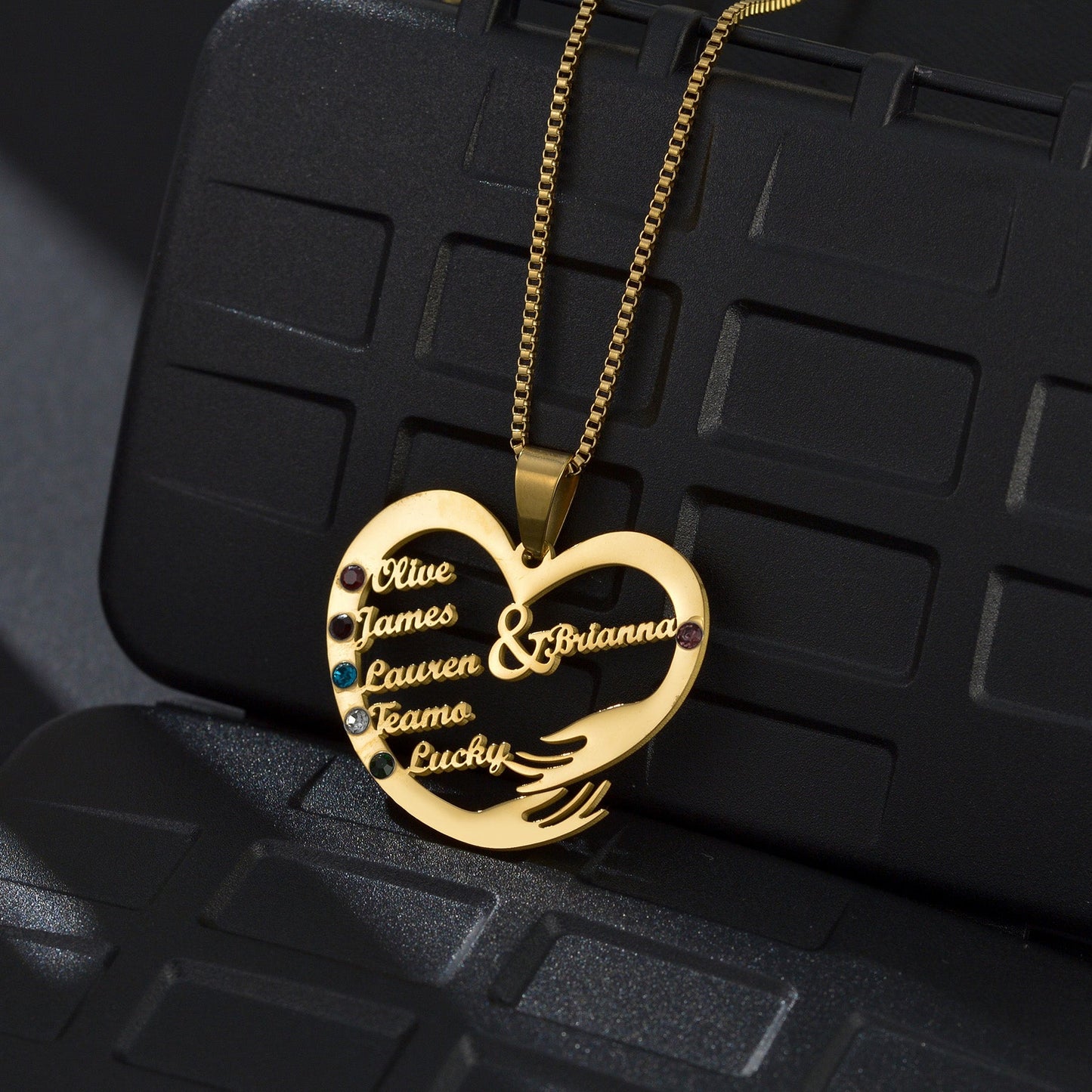 Personalized Heart Hand Hug Necklace With Birthstones for Mom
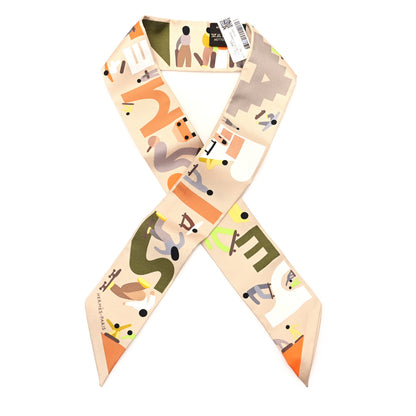 Hermes Silk Figures Libres Twilly Beige Vert Orange 1 of 3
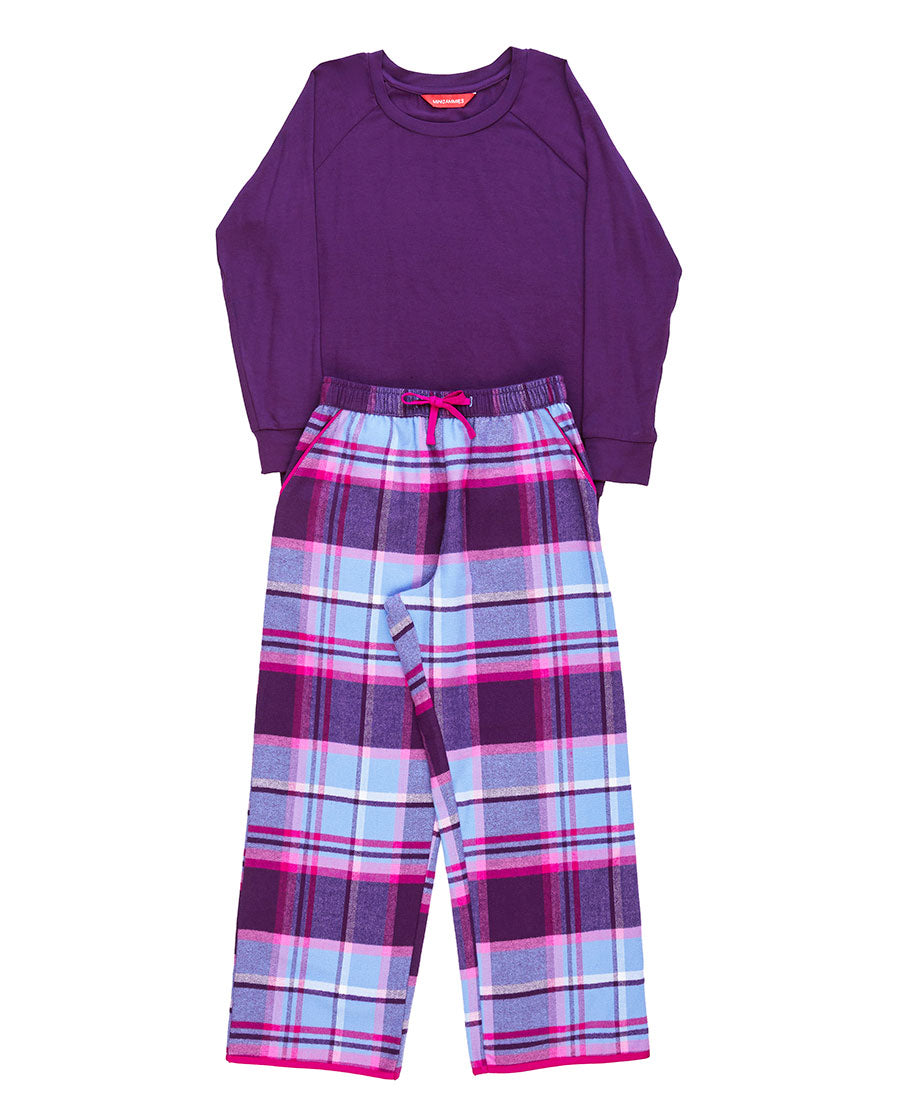 Hazel Girls Slouch Jersey Top and Brushed Check Pyjama Set
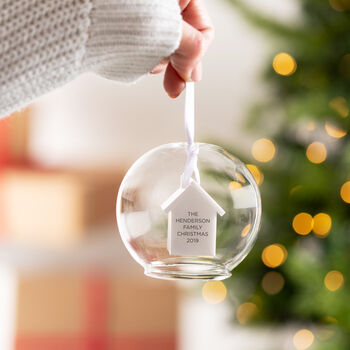 Personalised Home For Christmas Glass Dome Bauble, 2 of 3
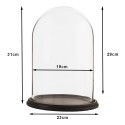 Clayre & Eef Campana Ø 23x31 cm Marrone Legno Vetro Rotondo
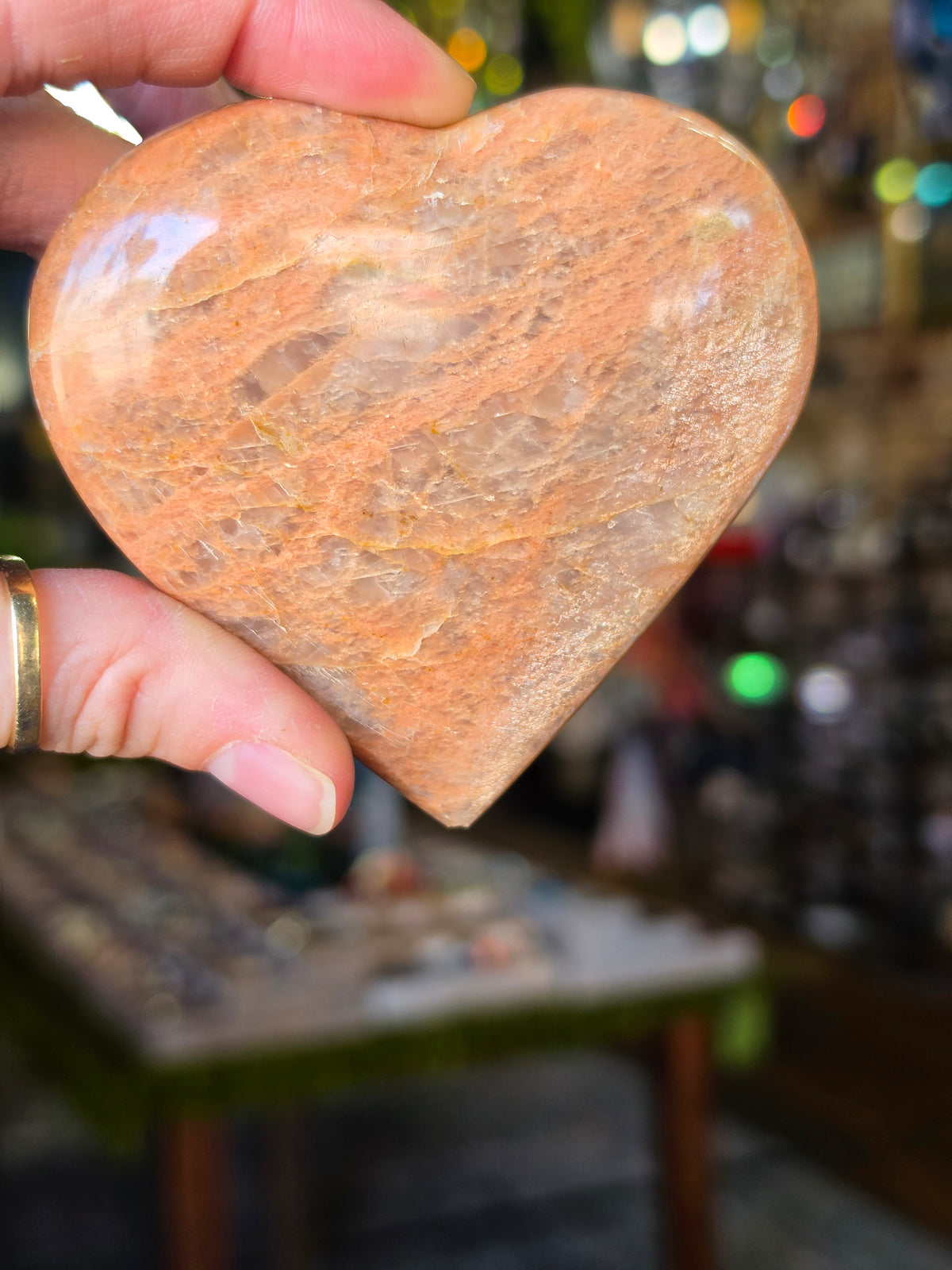 Peach Moonstone Heart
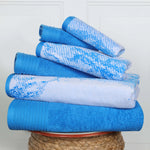 Cotton Jacquard and Solid Towel Set 8 Piece - Marble - Towel Set by Superior Brand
*-*-*
▶ **YOUR TASK**: Transcribe the opening line of the listing above, please, and every line after it through the line with "Peach Moonstone Heart", word for word, without pictures.

▶ **EXERCISE SOLUTION**:
 Personalized Heart Hand Hug Necklace With Birthstones for Mom
 Hermes Silk Figures Libres Twilly Beige Vert Orange 1 of 3
 Hazel Girls Slouch Jersey Top and Brushed Check Pyjama Set
 Personalised Home For Christmas Glass Dome Bauble, 2 of 3
 Clayre & Eef Campana Ø 23x31 cm Marrone Legno Vetro Rotondo
 Peach Moonstone Heart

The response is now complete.